In fairness some of this is sincere and worthy if also long-winded and repetitive…..but some might be taken for tokenist posturing in justification of ‘do little or nothing’ response. In recent years this latter trend has largely predominated so People Survey scores have remained consistently poor.
Not to say there’s no merit in thinking closely about areas of weakness. This plainly makes sense. Frustration is that it isn’t really so complicated.
Sometimes bullying is direct and personal, unmistakably about individual abuse of power. The sort of thing that transports us back 30 years and more to awful schoolyard memories of the bullies we have known.
But there is also the phenomenon of institutional or corporate bullying. For reasons obvious, few employers are keen to acknowledge this, far less to tackle the problem at source. So what exactly is institutional bullying then ? Well, two things broadly.
Firstly, where employers proclaim their own integrity and values but then from a senior management level adopt policies entirely out of keeping with those virtues. So, for example, where an employer ostensibly committed to zero tolerance of bullying implements financial penalties in order to ‘persuade’ people to give up terms and conditions of service……then that is duress and that is bullying.
The continuing Home Office hostility to those retaining AAA & SDA terms and conditions rather than moving to Annualised Hours ( which most senior managers privately admit doesn’t meet business need in any event ) is simply shameful. Such conduct is grossly hypocritical and fundamentally undermines the credibility of Home Office anti-bullying policies.
Secondly where bullying is entrenched in an organisation, passes unchallenged and so becomes accepted as part of the workplace culture then this too is institutional bullying.
Most commonly this manifests where the job is seen as all-important and the people doing the work as disposable. Unreasonable expectations are placed on employees with managers highly motivated to maximise productivity but far less incentivised to look after their people. Those suffering from stress reactions to these demands are dismissed as “weak” while the obvious work-related causes of these conditions are utterly ignored or denied. Those who complain are tied up fruitlessly in endless HR processes with little or no useful outcome.

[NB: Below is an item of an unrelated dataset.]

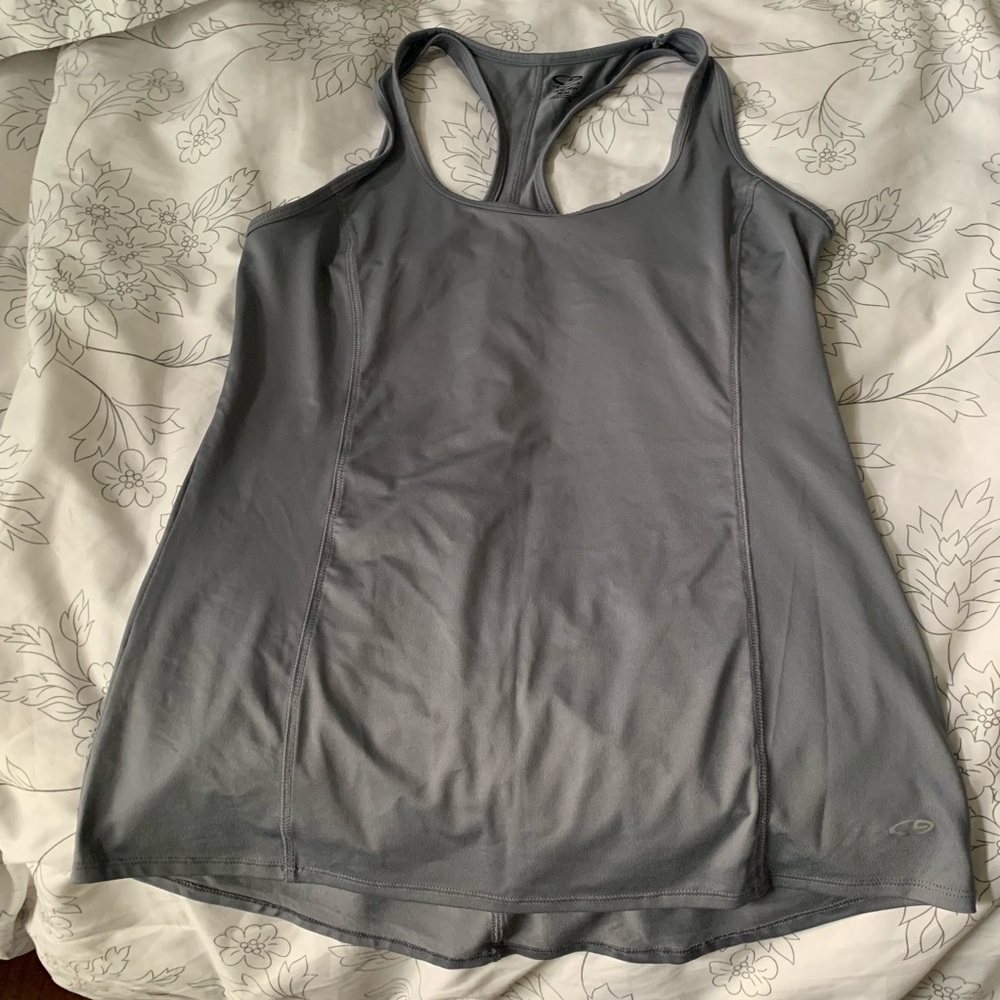 Gray razor back tank top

Unsurprisingly these employers typically struggle to meet organisational goals, have weak staff retention, high levels of sick absence and deeply disenchanted staff.
Does any of this sound at all familiar ?
From the unwavering target culture of UKVI and Enforcement casework to ‘clear the queues’ pressure in Border Force, productivity certainly seems more important than people where we work.
Yes, there has been an increased emphasis on staff welfare in recent times – and that’s welcome so far as it goes. Admittedly sometimes the material is cringingly Janet and John – smoking is bad for us and eating fruit is good….well, who knew. Still there have also been some good stress awareness initiatives, useful material on menopause symptoms for example. But there is still a fundamental failure openly to acknowledge that the job itself, our working conditions actively create and exacerbate ill health. Poor rosters, excessive demands, no development, tone deaf management messages, lack of personal dignity and respect…..none of this is good for our health or souls.
We work always for progress but these are deep seated cultural issues. Until the problems are properly acknowledged with the worst impacts better mitigated and until senior leaders actually start living the values they preach without exceptions of convenience the Home Office will continue to have an institutional bullying problem.
We live in hope but sadly without expectation.